Since China's economic growth underwent a correction as expected in the second quarter after it reached a short-term peak period in the first quarter, some are concerned that the Chinese economy will have a steep falloff and even experience a double-dip recession. Fan Jianping, director of the Economic Forecasting Department of the State Information Center, considered such concerns as overly pessimistic.
Fan said during an interview with People's Daily that the downward economic growth trend is the result of the Chinese government's proactive efforts to moderate the overall economic stimulus policies and to step up the structural transformation policies in order to promote China's economy to shift from the crisis emergency state to the normal state as soon as possible.
He expected China's third-quarter GDP growth rate to be a little more than 9 percent, still higher than the entire year's macro-control economic growth target of 8 percent. According to the rolling forecast, the fourth-quarter GDP growth rate will further fall back to the level of 8 to 8.5 percent compared with a year earlier.

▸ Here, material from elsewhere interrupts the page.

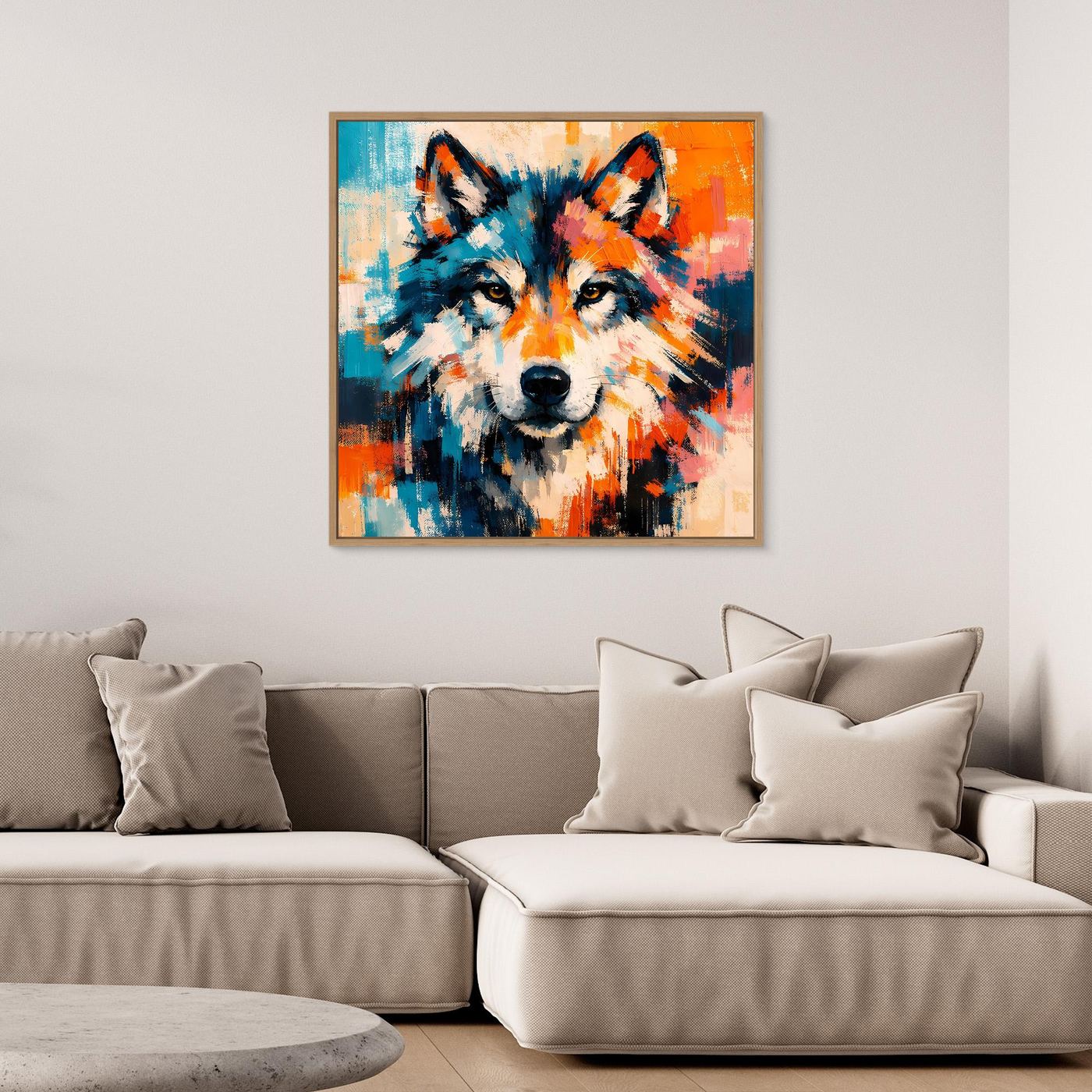 Framed abstract wolf portrait canvas with multicolor paint splashes and intense eyes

"Following the trend to slow economic growth and using the market mechanism to accelerate the transformation in the economic development mode will be a wise choice," Fan said. "The exit or the provision of no additional power for any country's stimulus policies in the post-crisis period will result in short-term "pains," and the short-term, high-speed growth brought about by the over reliance on the stimulus polices will instead be harmful for the long-term sustainable growth."
Meanwhile, given the energy efficiency and emissions reduction targets, it should proactively slow the economic growth to a bearable, proper level. Compared with the high-speed growth driven by blind investments in overproduction industries, this will be more helpful for China to achieve a stable and sound economic development and grasp the initiative in economic development.
As for China's interests in investing in overproduction industries, he believes that it is due to China's special investment and financial systems. He suggests that the government should be determined to speed up the investment and financing system reforms, transfer more resource allocation rights to the market and implement new policies encouraging private investments.
Early completion of the shift in economic driving forces will likely enable China to enter a new round of upward economic cycle that is driven by a domestic investment boom involving fixed equipment replacement.